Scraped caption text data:
+---+

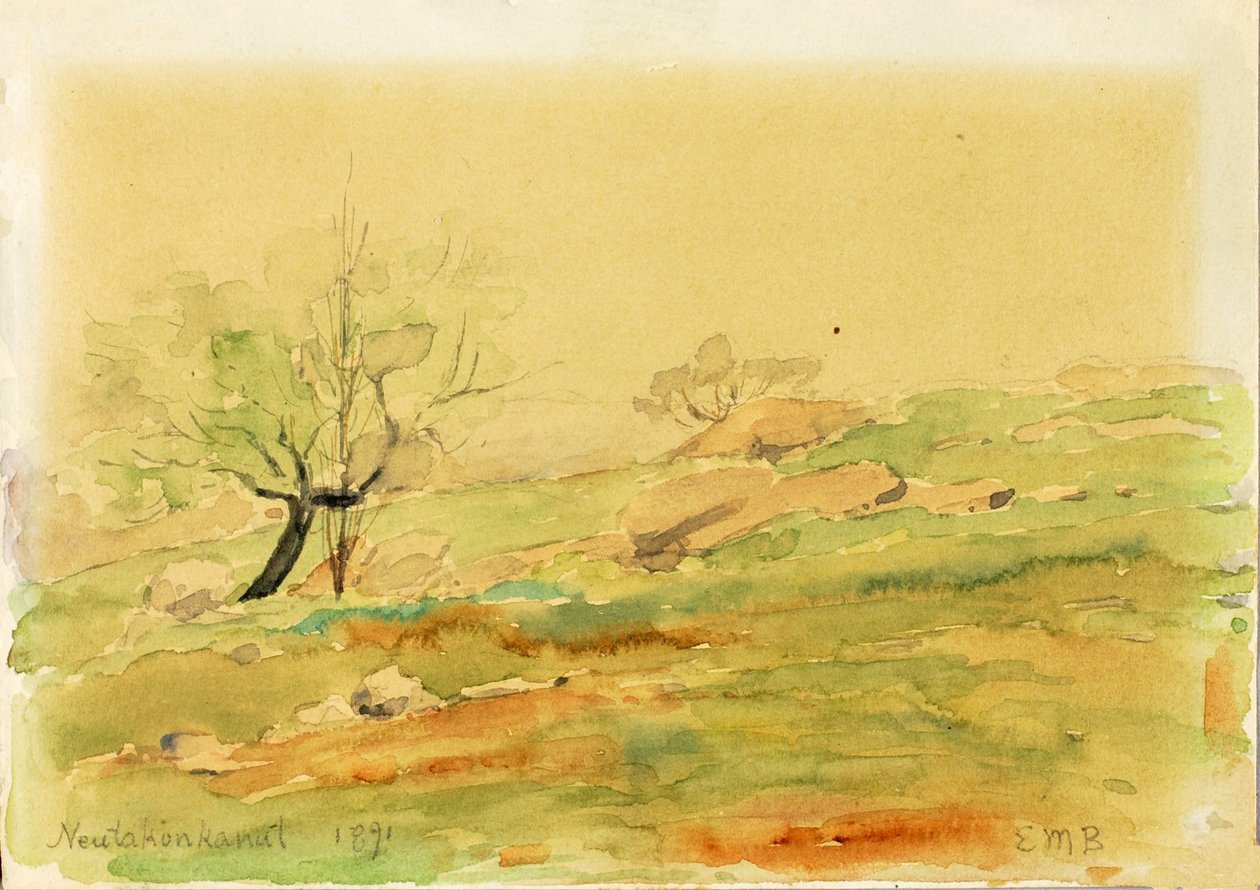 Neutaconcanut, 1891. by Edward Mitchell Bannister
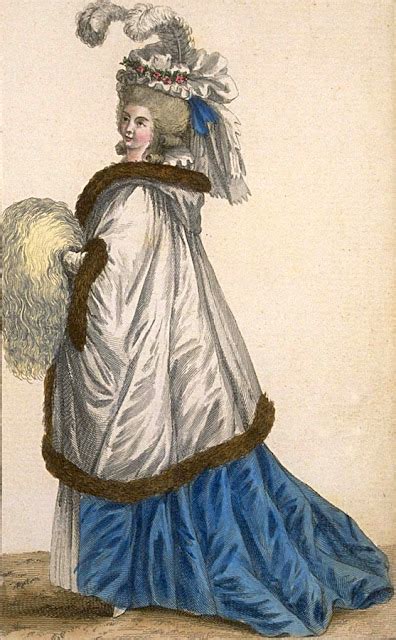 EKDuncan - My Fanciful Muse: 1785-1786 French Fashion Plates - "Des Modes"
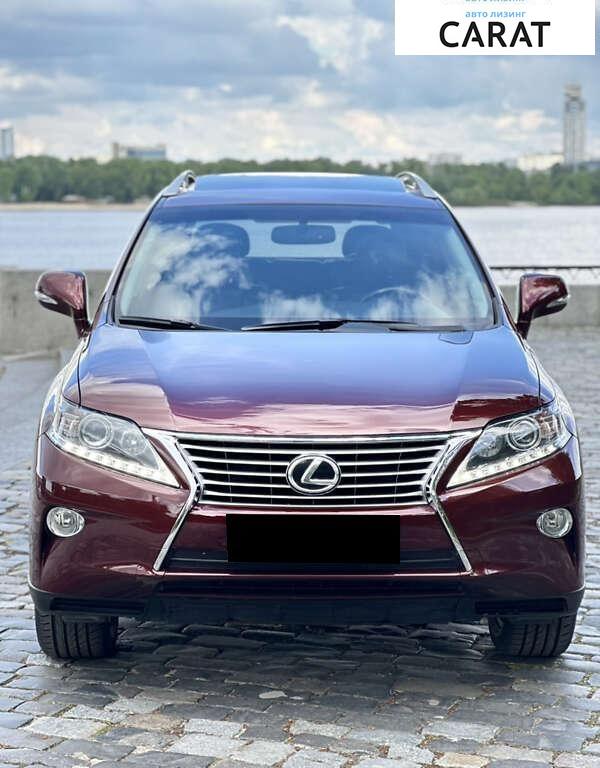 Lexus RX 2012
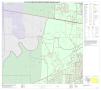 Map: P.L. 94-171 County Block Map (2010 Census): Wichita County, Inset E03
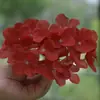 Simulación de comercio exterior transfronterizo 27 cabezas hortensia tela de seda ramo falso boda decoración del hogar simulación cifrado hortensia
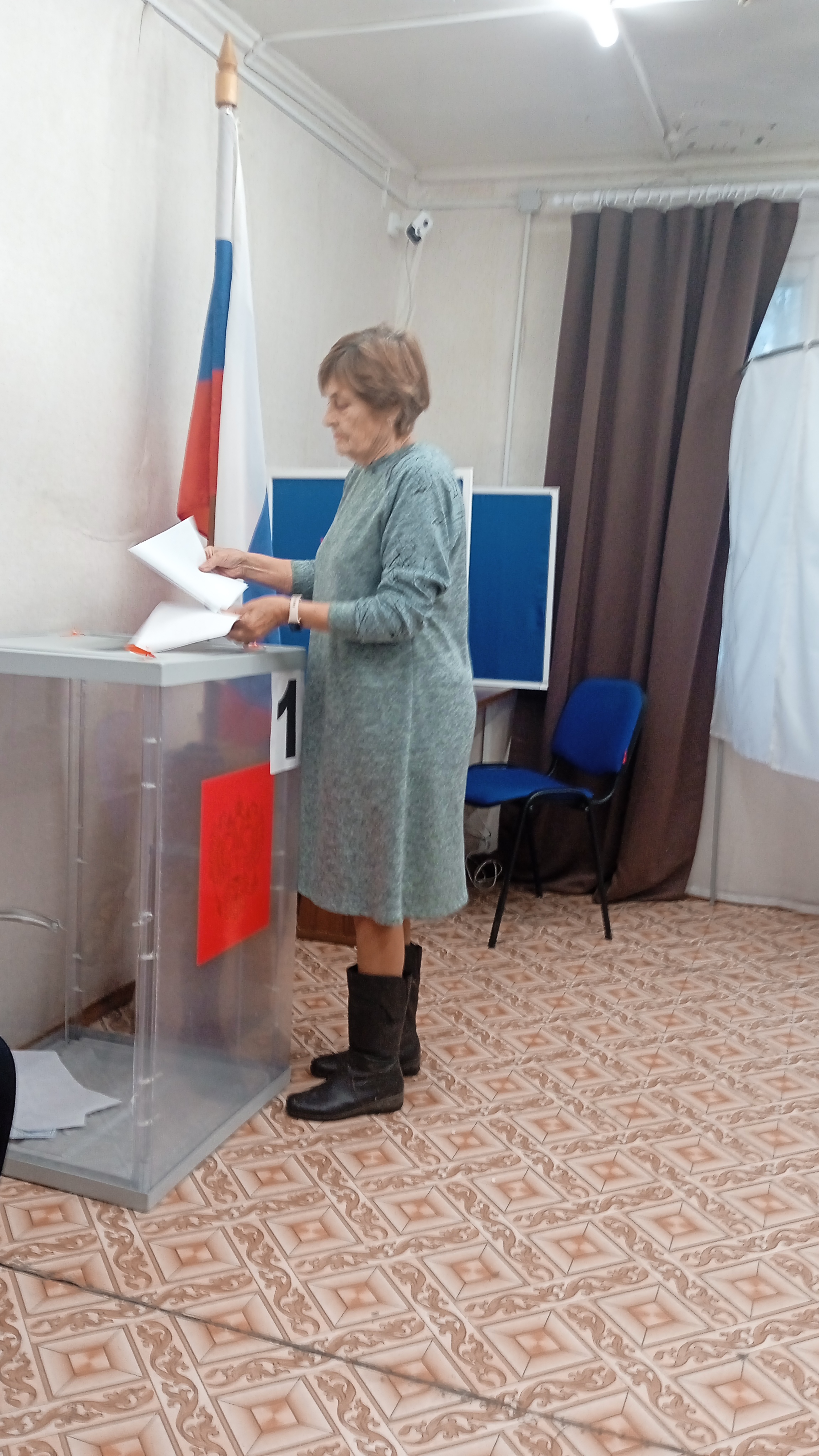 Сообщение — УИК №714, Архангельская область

+---+

◆ Your instructions
Could you reproduce all of the data above exactly and skip any image?

◆ Exercise response
 Neutaconcanut, 1891. by Edward Mitchell Bannister
 EKDuncan - My Fanciful Muse: 1785-1786 French Fashion Plates - "Des Modes"
 Lexus RX 2012
 Map: P.L. 94-171 County Block Map (2010 Census): Wichita County, Inset E03
 Simulación de comercio exterior transfronterizo 27 cabezas hortensia tela de seda ramo falso boda decoración del hogar simulación cifrado hortensia
 Сообщение — УИК №714, Архангельская область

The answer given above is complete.